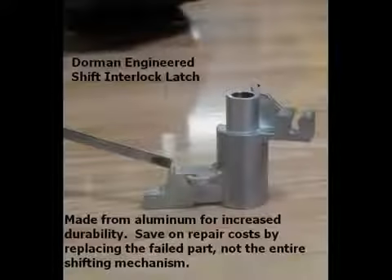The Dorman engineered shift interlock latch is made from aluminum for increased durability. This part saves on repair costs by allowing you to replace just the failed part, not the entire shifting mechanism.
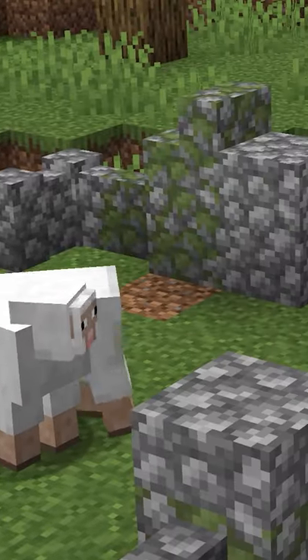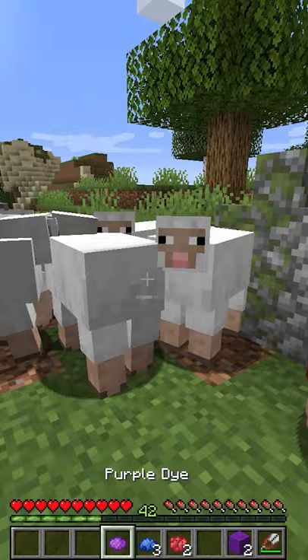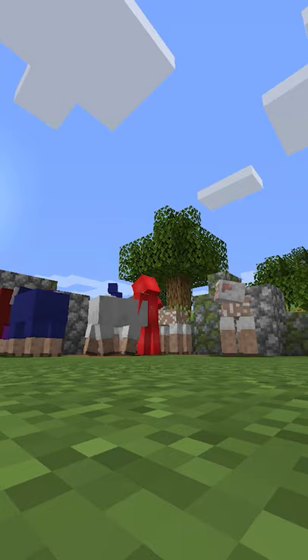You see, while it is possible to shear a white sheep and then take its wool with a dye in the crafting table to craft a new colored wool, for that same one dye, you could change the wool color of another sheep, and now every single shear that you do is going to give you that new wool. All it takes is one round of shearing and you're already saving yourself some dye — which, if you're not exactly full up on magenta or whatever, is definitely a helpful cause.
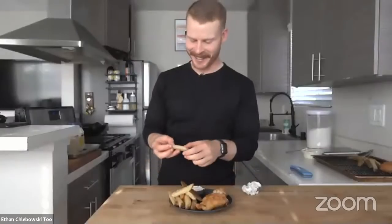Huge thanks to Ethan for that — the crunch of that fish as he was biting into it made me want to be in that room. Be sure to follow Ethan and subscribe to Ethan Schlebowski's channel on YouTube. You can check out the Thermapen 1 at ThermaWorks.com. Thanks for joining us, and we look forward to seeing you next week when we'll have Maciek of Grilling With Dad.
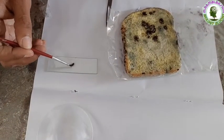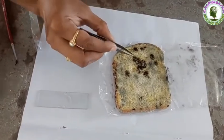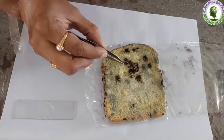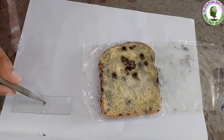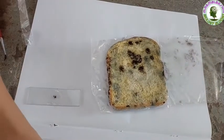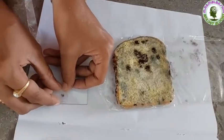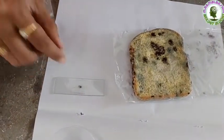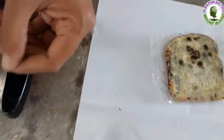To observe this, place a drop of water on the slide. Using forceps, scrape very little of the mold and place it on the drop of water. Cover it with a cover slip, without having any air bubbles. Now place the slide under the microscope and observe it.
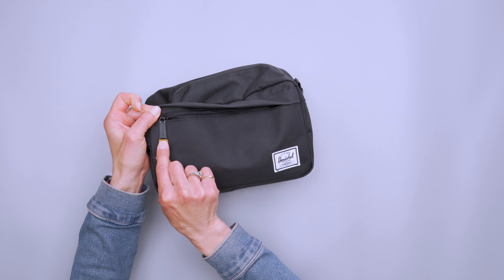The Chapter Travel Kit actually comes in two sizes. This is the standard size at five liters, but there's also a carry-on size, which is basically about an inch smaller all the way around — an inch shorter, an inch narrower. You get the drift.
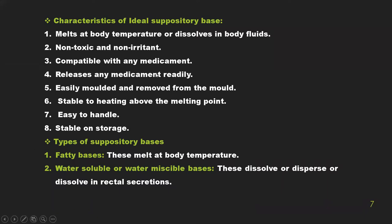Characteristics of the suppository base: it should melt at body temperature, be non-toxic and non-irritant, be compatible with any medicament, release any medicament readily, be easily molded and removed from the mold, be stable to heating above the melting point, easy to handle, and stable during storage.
---
- _Prompt_: Every line from the one with "The Chapter Travel" to the end of the records above should be restated word for word, and no picture belongs in the copy.

- _Task response_:
The Chapter Travel Kit actually comes in two sizes. This is the standard size at five liters, but there's also a carry-on size, which is basically about an inch smaller all the way around — an inch shorter, an inch narrower. You get the drift.
Characteristics of the suppository base: it should melt at body temperature, be non-toxic and non-irritant, be compatible with any medicament, release any medicament readily, be easily molded and removed from the mold, be stable to heating above the melting point, easy to handle, and stable during storage.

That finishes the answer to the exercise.